I'm not a curtain twitchier but sitting in my chair, which is close to the window I see some of the comings and goings out in the street. Usually my attention is fully drawn to my iPad as I write a blog or read a ebook but sometimes my eye is caught by the movement of my neighbours car as she arrives home.The routine is clockwork. The car comes to a halt in the drive there's a pause as she opens the drivers door and walks around the back of the car to open slightly the rear door. She then opens the front door to the house and goes in. There is another pause and then like a Chrysalis opening its wings there is movement and out tumble, first the little boy and then his sister. It's a sequence that never changes.
Once the kids are in the house she re-emerges to fish out the bags and paraphernalia that the kids need at school and any shopping she may have done. She does it without any show of emotion not even a word, efficiently discharging her responsibilities.
I wonder what goes through her mind. This is not the life she had planned, she is still young, in her early thirties, Dutch extract, friendly in a continental way but largely keeping herself to herself.
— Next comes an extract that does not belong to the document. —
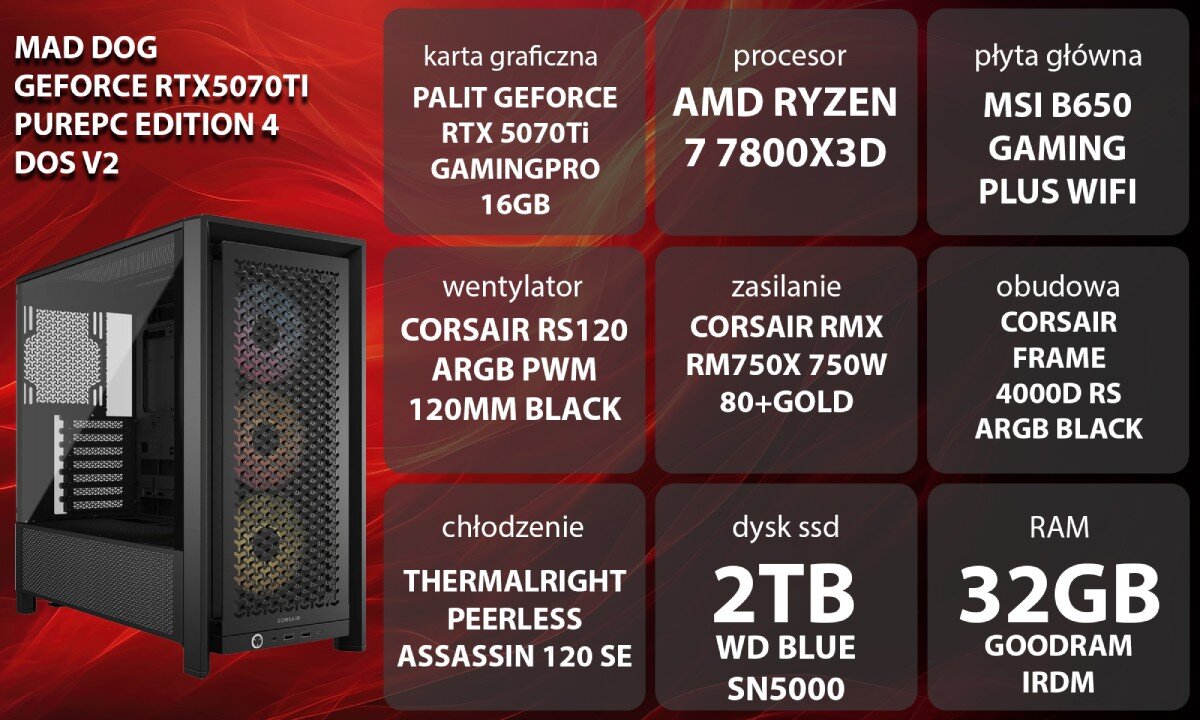 Komputer MAD DOG GeForce RTX5070Ti PurePC Edition 4 Grafika przedstawiająca specyfikację komputera, z podziałem na podzespoły. W lewej części znajduje się model komputera, a obok niego informacje o podzespołach, opis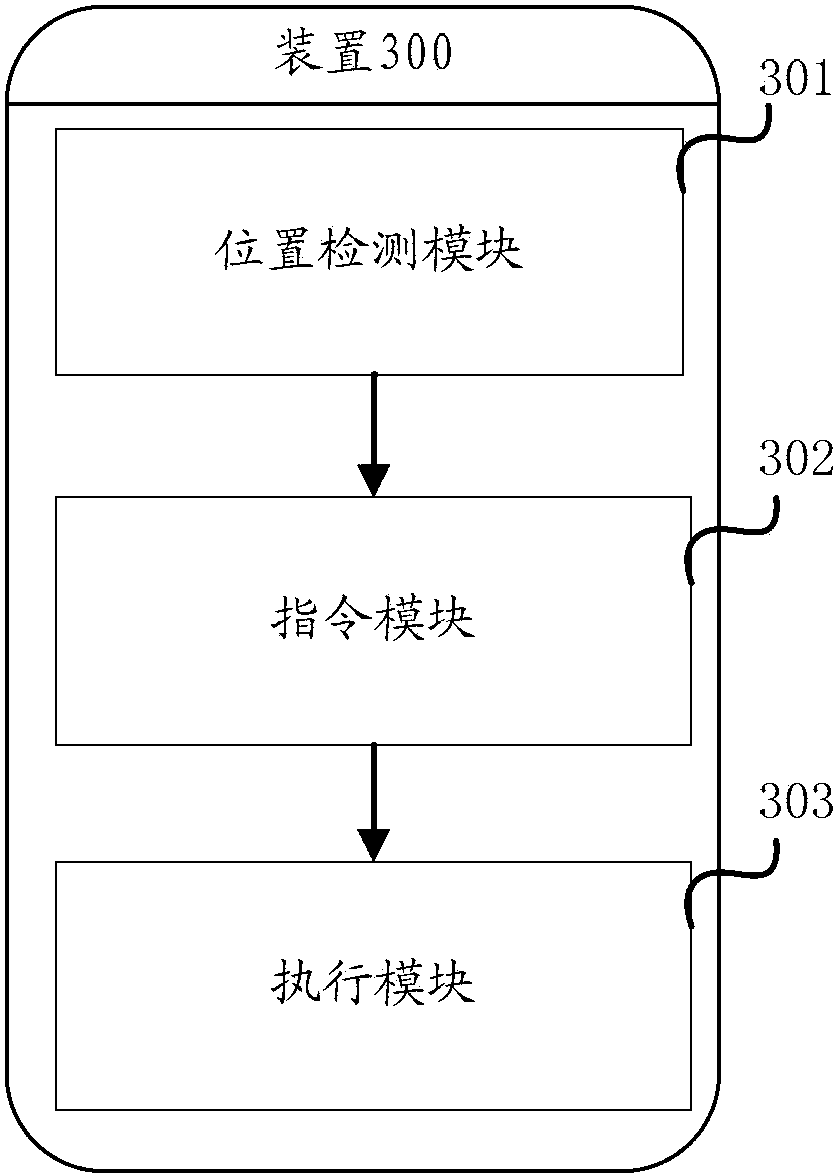 Method and device for regulating display effect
Married young she had a life joined to another, a man of her age, convention had it to start a family but a family as an adjunct to her life with him. The source of her natural intellectual replenishment would be the conversation as she prepared dinner, he playing with the kids asking them what they had done at school, maybe settled them into homework, possibly running the bath water for them so they could be ready for bed after the evening meal when he and she could at last relax.
This cosy family scene was blown apart by divorce and now her lot in life is to carry the burden alone. Raising kids is a burden, its a non stop, all action commitment which is more than challenging when you have to do everything on your own. The love for your children is not diminished but you must yearn for adult contact, a prop to discuss the vagaries, someone to share your guilt that you are not doing enough, somebody to allay your fears when one or other of the children are sick.
The kids tumble into home oblivious of her feelings only of their own. A slight at school, blown up into world war two, or the ongoing niggle between brother and sister a nip here and a hair pulling there and the whole world explodes with rage and self pity.
At last they are in bed. The little boy has a nasty cough but is drifting off to sleep as she returns down stairs to an empty lounge and ruminate on the day knowing that tomorrow will be much the same and so on through the best years of her life. On a treadmill only partly of her own making which will end when the children fly the nest completely and make the chore of being a single Mom even more singular, even more challenging as age takes its toll !!